- Records provided
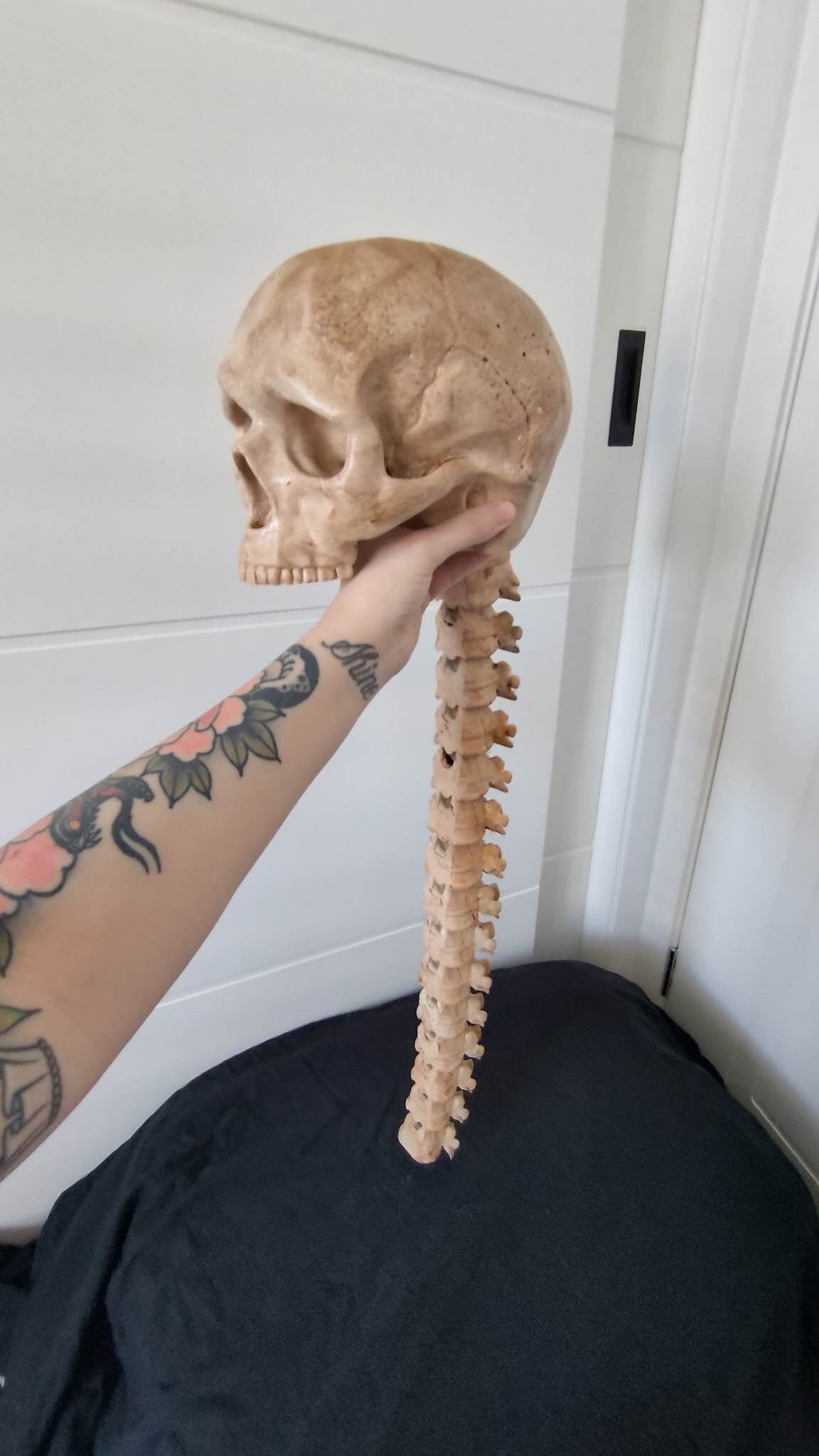 Predator Arm and Skull Trophy with Wall Mount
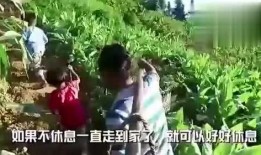 回民阿娘吃瓜视频,一场别开生面的吃瓜盛宴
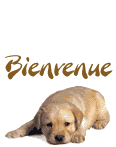 Présentation C4a48f11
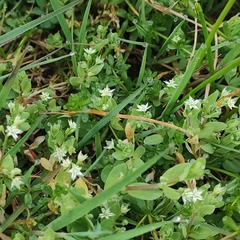 Stellaria alsine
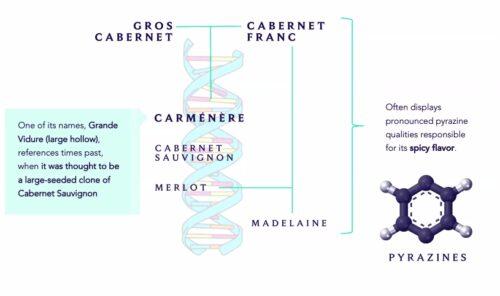 A Carménère Reckoning: Revisiting Chile’s Rowdy, Oft-Reviled Red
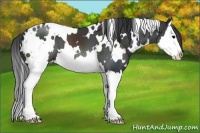 Horse Color:White Spotted Black Splash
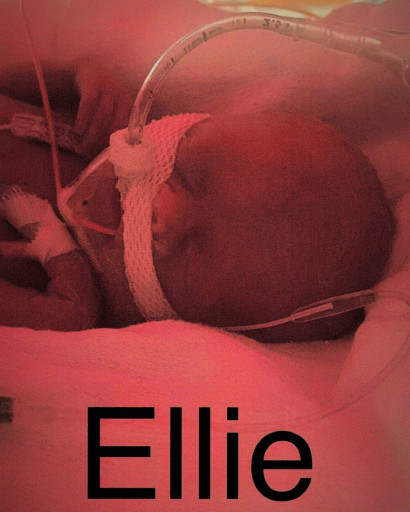 Ellie Jean Morton Profile Photo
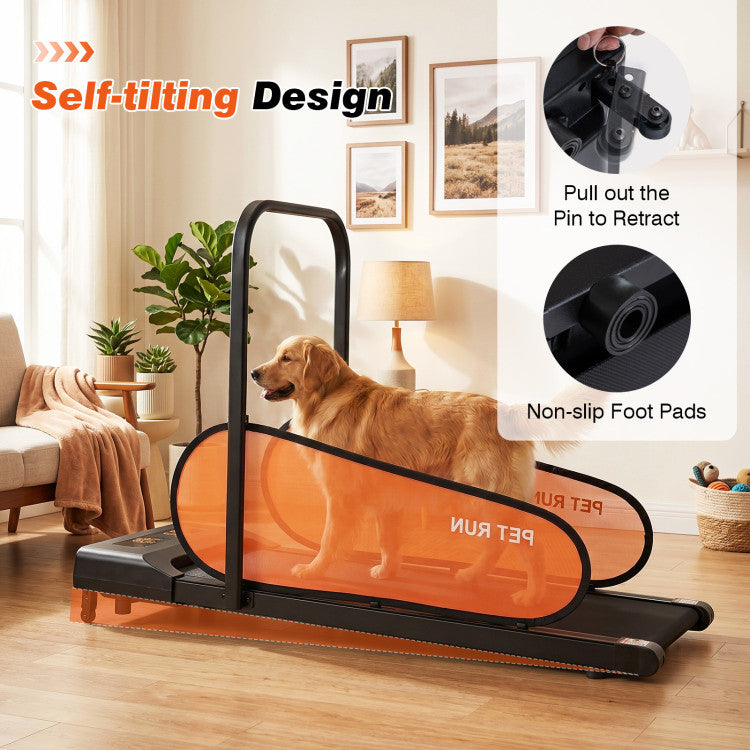 New Pet Treadmill for Small & Medium Dogs with LED Display and Adjustable Speed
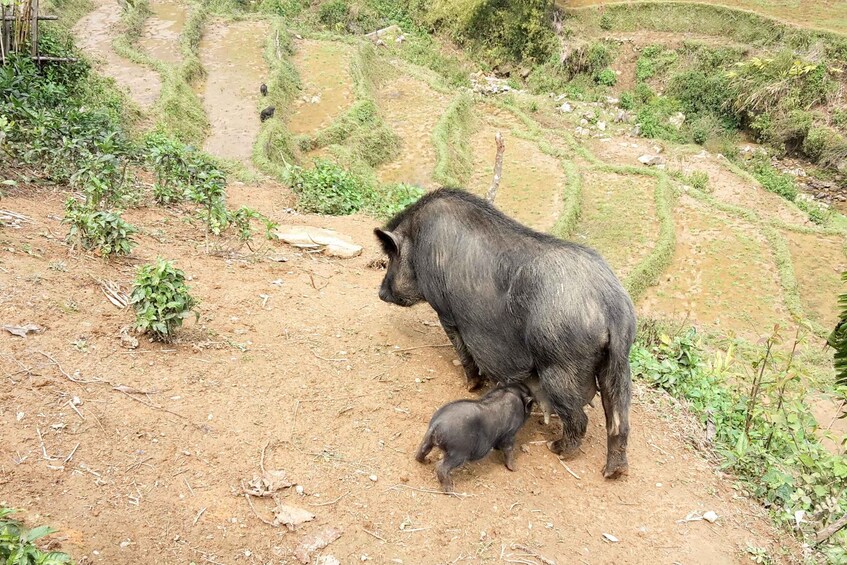 Picture 10 for Activity Muong Hoa Valley 2-Day Group Trek with Homestay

- Exercise directions
The listing above, line by line: print it exactly, but not its pictures.

- Answer space
 Predator Arm and Skull Trophy with Wall Mount
 回民阿娘吃瓜视频,一场别开生面的吃瓜盛宴
 Présentation C4a48f11
 Stellaria alsine
 A Carménère Reckoning: Revisiting Chile’s Rowdy, Oft-Reviled Red
 Horse Color:White Spotted Black Splash
 Ellie Jean Morton Profile Photo
 New Pet Treadmill for Small & Medium Dogs with LED Display and Adjustable Speed
 Picture 10 for Activity Muong Hoa Valley 2-Day Group Trek with Homestay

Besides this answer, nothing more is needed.